(Exercise aim): Leave the pictures out. Retype exactly the lines below from the one containing "Affiche Paysage - Coloré" through the one containing "Eucalyptus Outdoor Round", and no others.

(Data to examine):
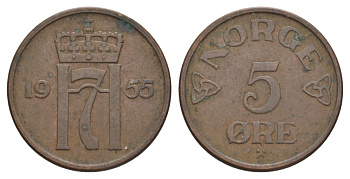 Норвегия 5 эре 1955 Хокон VII (1905-1957) KM 400 бронза 4635-546
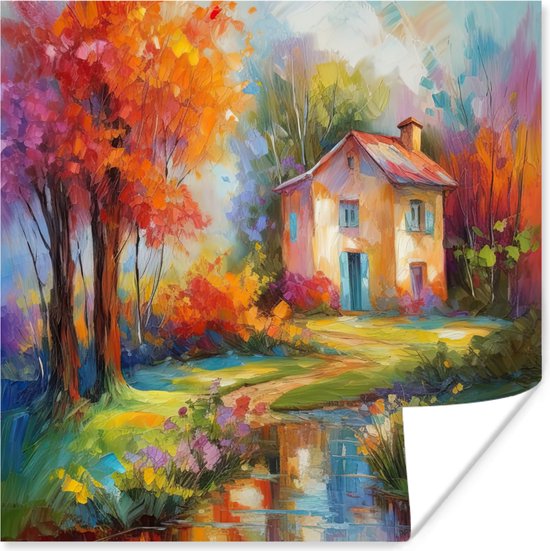 Affiche Paysage - Coloré - Peinture à l'huile - Art - 100x100 cm XXL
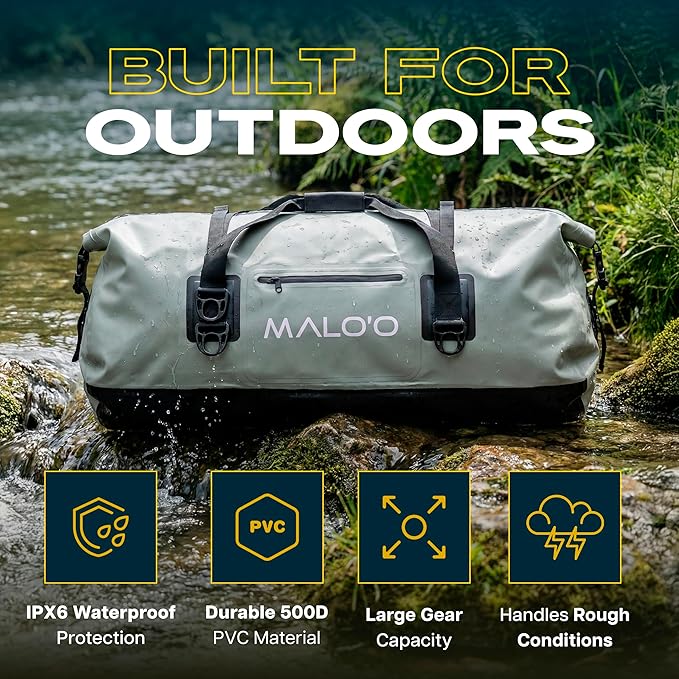 Malo’o Waterproof Dry Duffel, Heavy-Duty Roll Top Waterproof Gear Bag with Shoulder Strap & Molle Loops, Marine Duffel for Kayaking, Boating, Camping, Beach & Travel, Grey, 100L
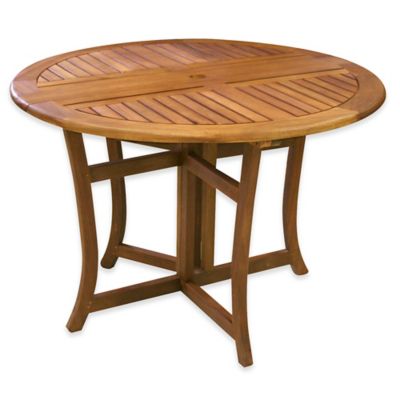 Eucalyptus Outdoor Round Folding Table, Round Eucalyptus Folding Table 48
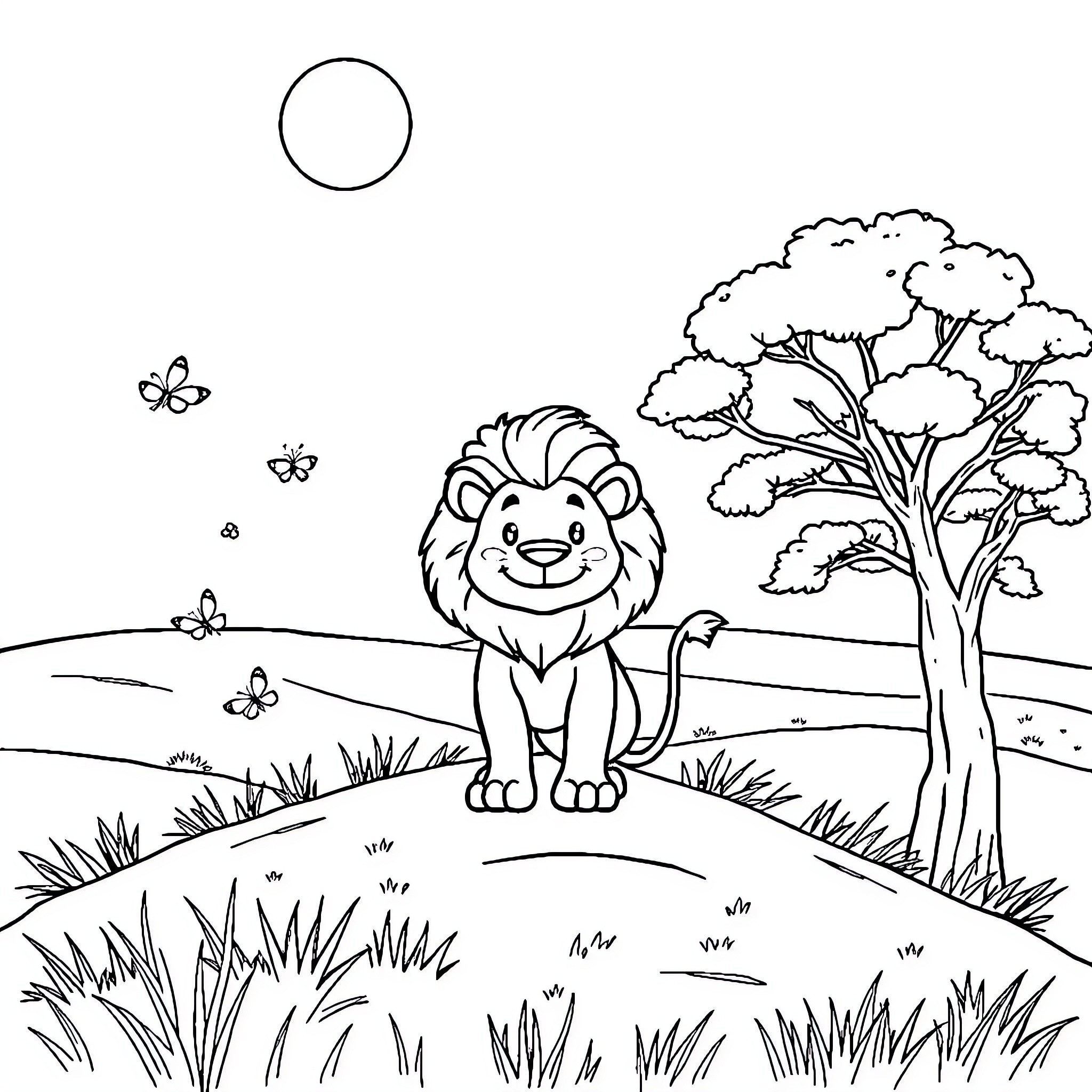 Lion enjoying the serene nature scene Coloring Page (free black-and-white line drawing printable PDF for all, from beginners to advanced learners, including children, teens, adults, and seniors)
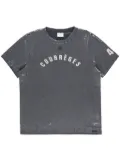 Courrèges embroidered distressed T-shirt - Grey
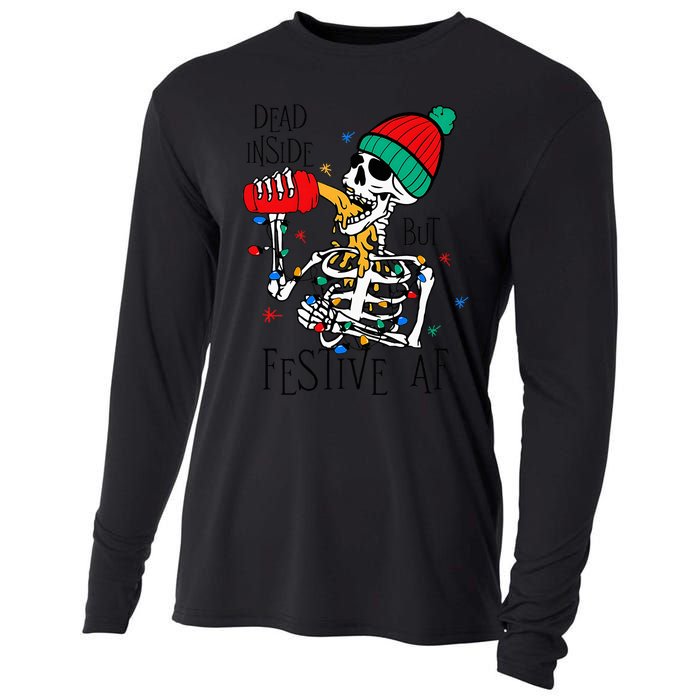 Dead Inside But Festive Af Skeleton Santa Hat Christmas Cooling Performance Long Sleeve Crew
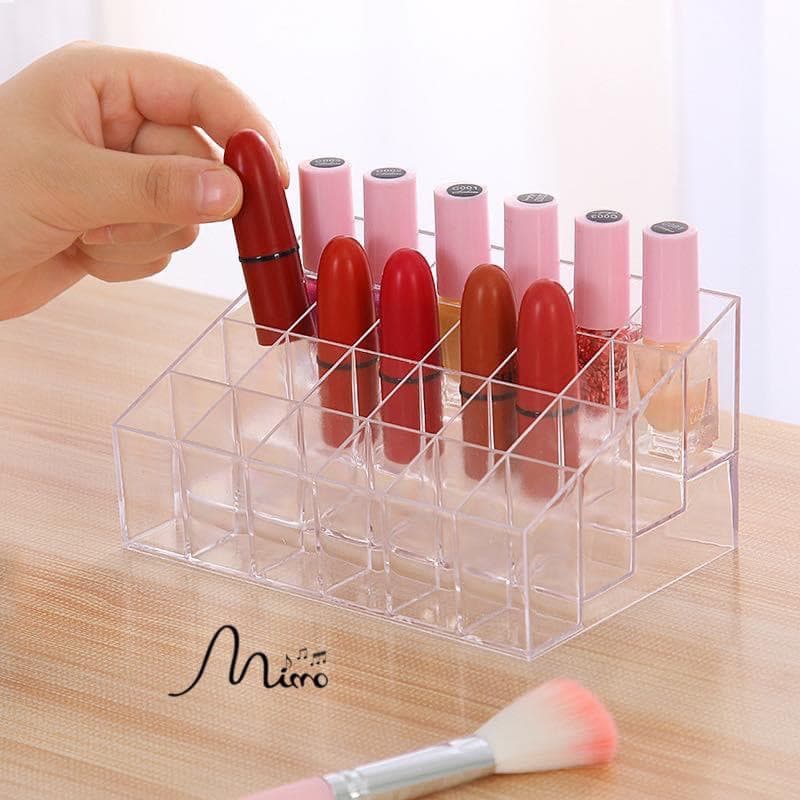 Khay đựng son 24 ô nhựa mica cao cấp - khay kệ kiểu hộp đựng son chứa được mỹ phẩm nhỏ và cọ trang điểm siêu tiện lợi tiết kiệm không gian bàn trang điểm mimomarthn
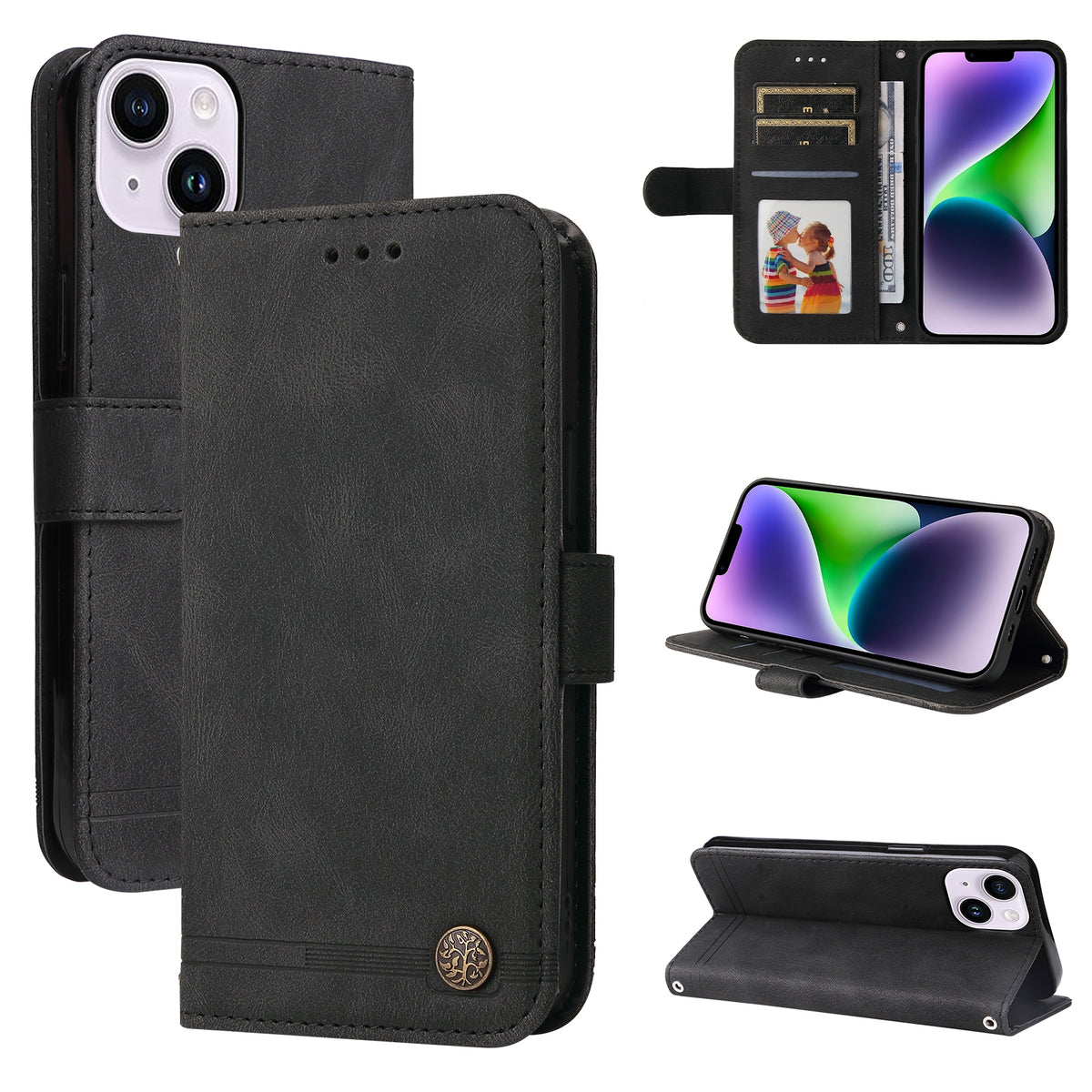 ELECTROPRIME For iPhone 15 Skin Feel Life Tree Leather Phone Case(Black)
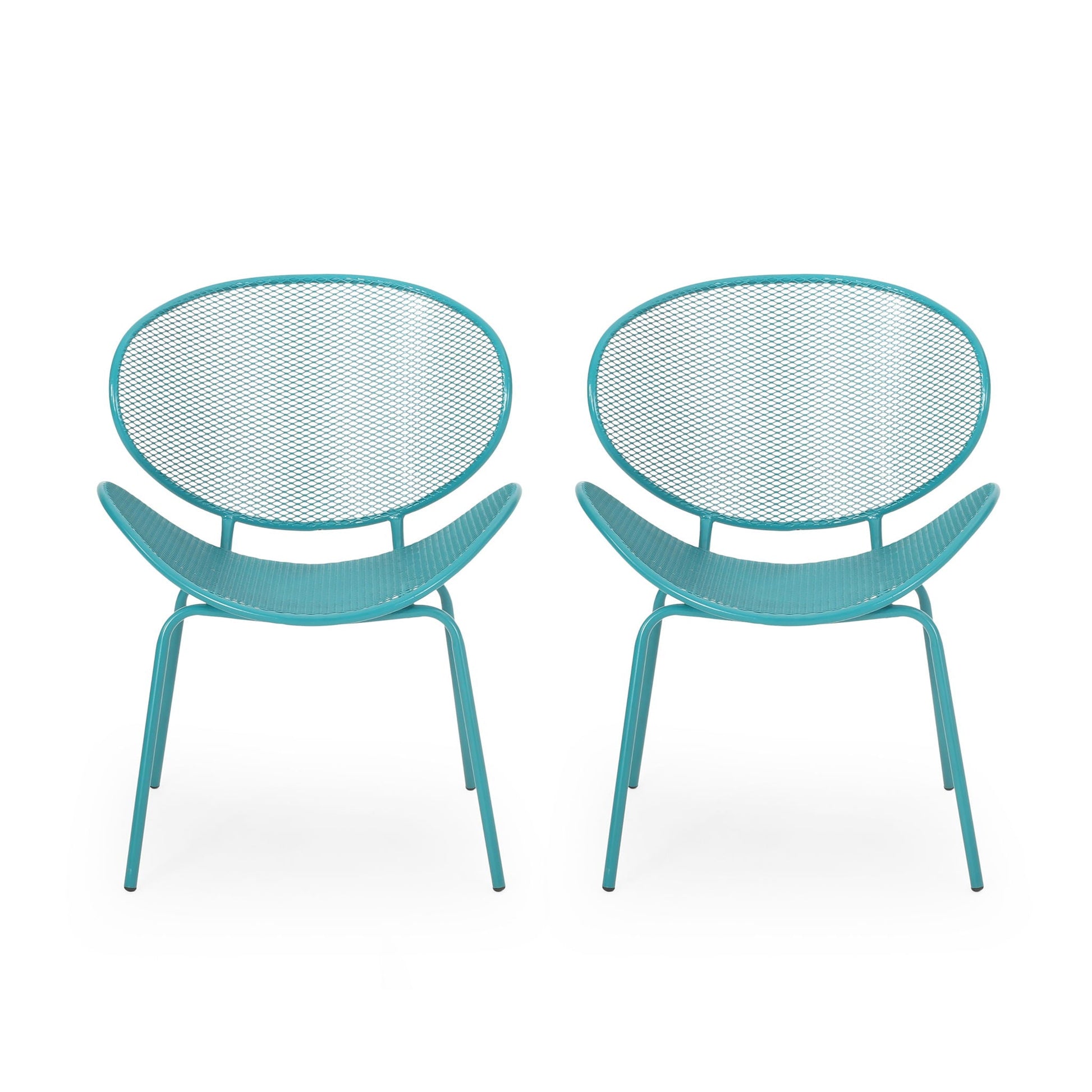 Elba Contemporary Armless Outdoor Chairs teal mesh metal frames pair HouseOfZazla on Tampa Home & Garden Store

(Answer space):
 Affiche Paysage - Coloré - Peinture à l'huile - Art - 100x100 cm XXL
 Malo’o Waterproof Dry Duffel, Heavy-Duty Roll Top Waterproof Gear Bag with Shoulder Strap & Molle Loops, Marine Duffel for Kayaking, Boating, Camping, Beach & Travel, Grey, 100L
 Eucalyptus Outdoor Round Folding Table, Round Eucalyptus Folding Table 48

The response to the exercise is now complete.